Other Canadian Oil and Gas Players
Talisman Energy (NYSE: TLM) is one of the more diversified Canadian oil and gas operators with properties in Southeast Asia, Canada, the United States and the North Sea. The company recently sold 49% of its North Sea operations to Sinopec, another major Chinese oil company. Talisman Energy also has an extensive exploration portfolio in Poland, Colombia, Kurdistan, Africa and Southeast Asia. (L10 – page 9) A buyer of Talisman Energy would also get a foothold in the Eagle Ford Shale, where the company has 80,000 net acres.
Encana (NYSE: ECA) has assets spread across Canada and the United States but operates almost exclusively onshore and is primarily a natural gas company.
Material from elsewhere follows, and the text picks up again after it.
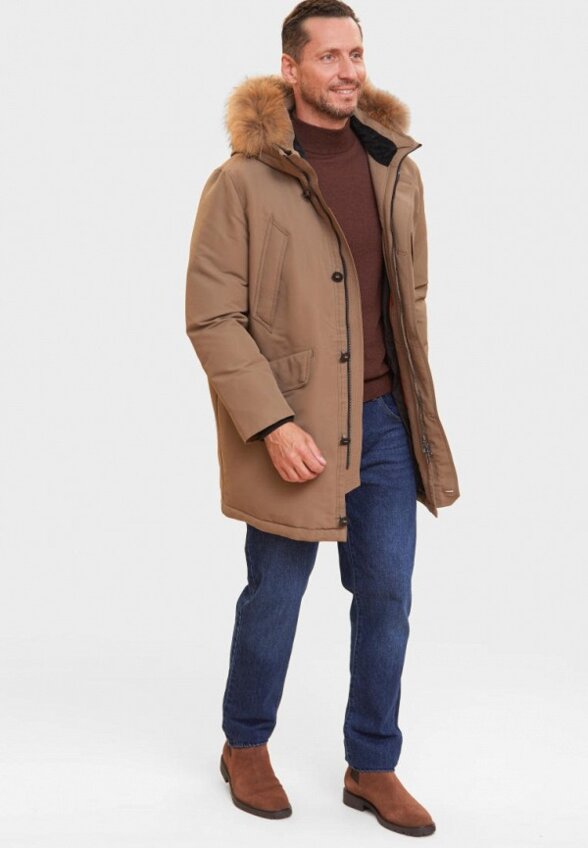 Пуховик Kanzler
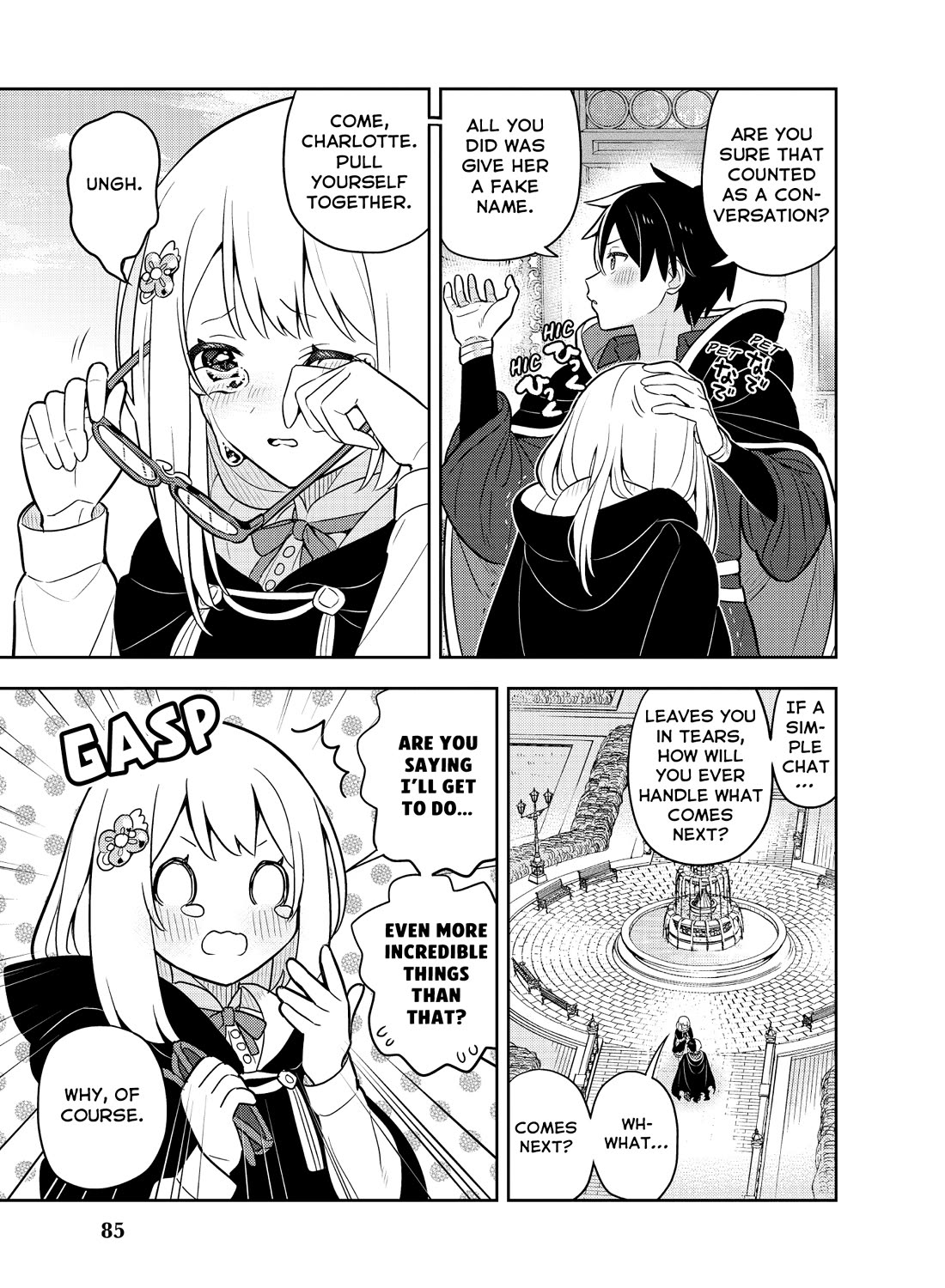 Konyaku Haki Sareta Reijo Wo Hirotta Ore Ga, Ikenai Koto Wo Oshiekomu Oishi Mono Wo Tabesasete Oshare Wo Sasete, Sekaichi Shiawasena Shojo Ni Produce! Chapter 50 page 9 - Chapter 50: A Naughty Sisterly Reunion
One intriguing asset that might attract an Asian buyer is the company’s natural gas assets in the Horn River Basin and other areas in Western Canada, along with the company’s ownership share of a Liquefied Natural Gas (LNG) facility under construction on the western coast of Canada.
Imperial Oil (NYSEMKT: IMO) is a large Canadian oil and gas company but operates exclusively in Canada with substantial stakes in several oil sands projects. The company is an unsuitable candidate since it is majority owned by ExxonMobil and also has a substantial downstream refining business that many buyers might find unattractive.
Canadian Natural Resources Limited (NYSE: CNQ) has its core operations in Western Canada, where it is heavily involved in various oil sands projects and has substantial natural gas operations. The company reported production of 599,000 barrels of oil equivalent (BOE) per day in 2011, with 92% of the production from North American properties.
On the international front the company has properties in the North Sea and offshore West Africa and plans to increase capital spending on these properties, with $515 million allocated in 2012. Although this is almost double the level of spending in 2011, the company expects production from here to decline on 2012.
Canadian Natural Resources Limited has a market capitalization of $30 billion and also might be too large an acquisition for most potential buyers.
Cenovus Energy (NYSE: CVE) reported oil production of 155,000 barrels per day in the second quarter of 2012, but has operations only in Canada, once again concentrated mostly in the oil sands in Alberta.
Suncor Energy (NYSE: SU) is the largest Canadian oil and gas company, with a market capitalization of $49 billion. This may be too large a target for most buyers and the company also has no upstream operations in the United States. Suncor Energy also has a substantial downstream refining segment that might deter a potential buyer.
In the international area, Suncor Energy has attractive properties in the North Sea and offshore eastern Canada, but also has operations in Libya and Syria, two countries that are currently in the midst of civil war.
Buy or Build
While there are many Canadian acquisition targets available for foreign oil and gas companies that want to establish a foothold in this area, many of these companies have assets and other issues that make them unattractive for purchase. It might be better for a foreign buyer to build up operations organically despite the length of time needed to pursue this strategy.